I wrote this by hand in WAT.
I digress.
Running the Experiment
1) Node benchmark (fast sanity check)
cd karatsuba
node test-bigint.js
What you get:
- JS BigInt baseline time
- Correctness checks up to 10,000 digits
- Average execution time across JS, Schoolbook, and Karatsuba
2) Browser benchmark (interactive)
cd karatsuba
python3 -m http.server 8000
Open http://localhost:8000/test-bigint.html. Adjust num_digits (default 1000) and iterations (default 100). Watch the numbers scroll by. Feel the machine work.
3) Graph sweep (power-of-two sizes)
With the same server running, open http://localhost:8000/graph.html. This runs a log-log sweep from $2^1$ to $2^{10}$ limbs and dynamically renders the benchmark graph. This is where you see it. The schoolbook curve bending upward, the Karatsuba curve pulling away, the mathematical divergence between $N^2$ and $N^{1.58}$ made visible in your browser tab.
On Results, and Humility
The mathematical divergence between $O(N^2)$ and $O(N^{1.58})$ is successfully proven locally in the WASM sandbox. You can see it. The log-log slopes are different. The curves separate. Karatsuba wins. The theory is correct.
And then you look at the JavaScript BigInt line and it is somewhere near the bottom of the graph, having finished its work before the WASM implementations even got warmed up. Native JavaScript BigInt leverages compiled C++ bindings, hardware carry flags, and dynamic FFT-based algorithms ($O(N \log N)$), ensuring it evaluates substantially faster than the sandboxed WASM implementations.
This is the Bitter Lesson applied to arithmetic. I hand-rolled an asymptotically superior algorithm in a portable bytecode format and it got bodied by V8’s optimized native code path. The browser engine people have been at this for decades. They have SIMD. They have carry propagation in hardware. They have algorithms that switch strategies based on operand size at runtime.

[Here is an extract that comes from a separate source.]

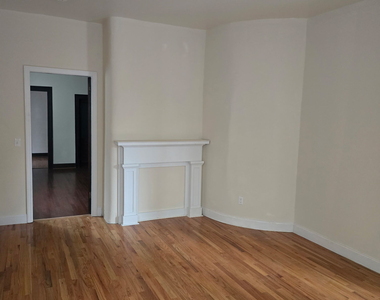 192 Dwight Street - Photo Thumbnail 2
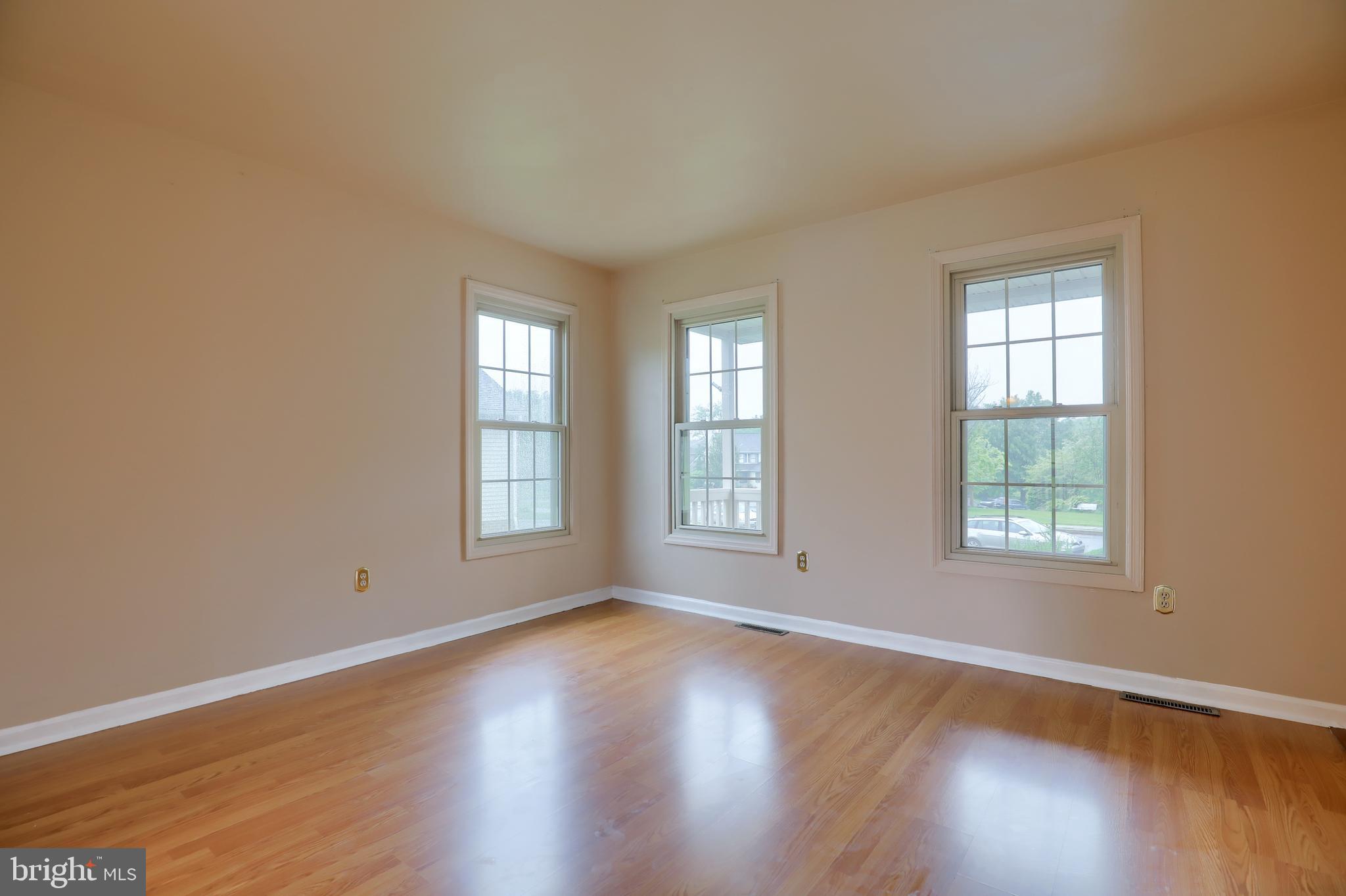 5 Greythorne Road Lancaster, PA 17603 - Photo 5 of 37 Gallery Image 5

What is even more funny? The whole point was never to beat BigInt. The point was to see two curves diverge on a log-log plot and know, viscerally, that Karatsuba’s 1960 insight — that you can trade one multiplication for three additions — actually works. Not in a textbook. Not in a proof. In a browser. On your machine. Right now.
And it does.
Meticulosity is for chumps, but sometimes you write 2000 lines of WAT just to watch two curves separate on a graph.
Worth it.